▶ **Material provided**
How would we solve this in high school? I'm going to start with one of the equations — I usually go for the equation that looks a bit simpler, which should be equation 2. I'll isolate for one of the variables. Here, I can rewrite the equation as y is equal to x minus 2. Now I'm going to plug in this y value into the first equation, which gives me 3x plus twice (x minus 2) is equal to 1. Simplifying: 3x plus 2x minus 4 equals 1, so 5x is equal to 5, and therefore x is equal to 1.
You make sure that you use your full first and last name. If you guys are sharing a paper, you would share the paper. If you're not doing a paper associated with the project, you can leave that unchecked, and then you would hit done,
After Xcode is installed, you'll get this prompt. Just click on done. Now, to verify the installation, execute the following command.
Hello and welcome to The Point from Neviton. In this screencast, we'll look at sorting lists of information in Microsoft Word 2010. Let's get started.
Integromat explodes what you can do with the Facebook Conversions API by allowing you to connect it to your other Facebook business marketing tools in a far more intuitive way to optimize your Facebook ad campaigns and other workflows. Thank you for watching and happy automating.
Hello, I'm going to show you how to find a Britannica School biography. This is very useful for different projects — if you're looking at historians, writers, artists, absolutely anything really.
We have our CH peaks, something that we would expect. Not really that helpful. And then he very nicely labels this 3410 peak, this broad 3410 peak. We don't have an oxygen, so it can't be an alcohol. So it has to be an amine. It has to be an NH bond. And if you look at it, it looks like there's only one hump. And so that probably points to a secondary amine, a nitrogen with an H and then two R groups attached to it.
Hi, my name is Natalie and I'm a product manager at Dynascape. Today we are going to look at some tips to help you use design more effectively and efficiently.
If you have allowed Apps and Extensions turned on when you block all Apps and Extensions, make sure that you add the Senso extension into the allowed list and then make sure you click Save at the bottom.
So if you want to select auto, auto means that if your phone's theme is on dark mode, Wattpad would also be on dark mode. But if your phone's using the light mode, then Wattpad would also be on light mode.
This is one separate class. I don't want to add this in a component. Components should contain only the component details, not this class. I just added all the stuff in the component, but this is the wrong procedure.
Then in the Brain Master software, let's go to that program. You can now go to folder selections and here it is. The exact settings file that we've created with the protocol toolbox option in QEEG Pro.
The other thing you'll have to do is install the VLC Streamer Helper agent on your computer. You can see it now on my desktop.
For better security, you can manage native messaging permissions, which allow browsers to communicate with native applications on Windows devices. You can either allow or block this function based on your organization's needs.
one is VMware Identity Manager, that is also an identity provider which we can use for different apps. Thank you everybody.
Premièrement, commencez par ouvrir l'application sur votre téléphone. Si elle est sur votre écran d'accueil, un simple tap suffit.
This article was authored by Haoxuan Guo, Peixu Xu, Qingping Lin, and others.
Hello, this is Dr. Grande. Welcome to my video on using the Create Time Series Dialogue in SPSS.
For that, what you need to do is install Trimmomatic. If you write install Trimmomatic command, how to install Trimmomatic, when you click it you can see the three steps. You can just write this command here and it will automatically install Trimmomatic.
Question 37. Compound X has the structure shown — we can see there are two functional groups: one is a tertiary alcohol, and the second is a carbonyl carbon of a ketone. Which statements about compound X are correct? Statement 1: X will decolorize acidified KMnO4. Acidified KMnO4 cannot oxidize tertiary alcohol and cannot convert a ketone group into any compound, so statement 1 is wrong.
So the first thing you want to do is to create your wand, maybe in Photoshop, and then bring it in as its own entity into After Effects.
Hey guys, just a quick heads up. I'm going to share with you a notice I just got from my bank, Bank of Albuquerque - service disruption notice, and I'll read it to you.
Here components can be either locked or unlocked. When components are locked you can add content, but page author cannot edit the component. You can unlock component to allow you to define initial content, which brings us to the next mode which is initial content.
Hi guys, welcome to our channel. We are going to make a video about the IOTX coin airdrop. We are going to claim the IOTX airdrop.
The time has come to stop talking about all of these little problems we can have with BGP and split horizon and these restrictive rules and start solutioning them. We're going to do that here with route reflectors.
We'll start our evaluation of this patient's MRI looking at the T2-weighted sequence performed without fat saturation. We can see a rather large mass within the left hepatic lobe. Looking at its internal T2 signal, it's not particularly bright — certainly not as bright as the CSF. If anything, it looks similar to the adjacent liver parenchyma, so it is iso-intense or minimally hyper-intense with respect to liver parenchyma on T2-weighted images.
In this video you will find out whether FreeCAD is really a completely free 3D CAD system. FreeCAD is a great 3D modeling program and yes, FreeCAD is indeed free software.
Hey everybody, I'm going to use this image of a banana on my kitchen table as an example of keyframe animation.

▶ **Problem requirements**
Could you retype exactly the lines from the first one of the records through the line containing "After Xcode is", both included, and nothing more?

▶ **Result for this exercise**
How would we solve this in high school? I'm going to start with one of the equations — I usually go for the equation that looks a bit simpler, which should be equation 2. I'll isolate for one of the variables. Here, I can rewrite the equation as y is equal to x minus 2. Now I'm going to plug in this y value into the first equation, which gives me 3x plus twice (x minus 2) is equal to 1. Simplifying: 3x plus 2x minus 4 equals 1, so 5x is equal to 5, and therefore x is equal to 1.
You make sure that you use your full first and last name. If you guys are sharing a paper, you would share the paper. If you're not doing a paper associated with the project, you can leave that unchecked, and then you would hit done,
After Xcode is installed, you'll get this prompt. Just click on done. Now, to verify the installation, execute the following command.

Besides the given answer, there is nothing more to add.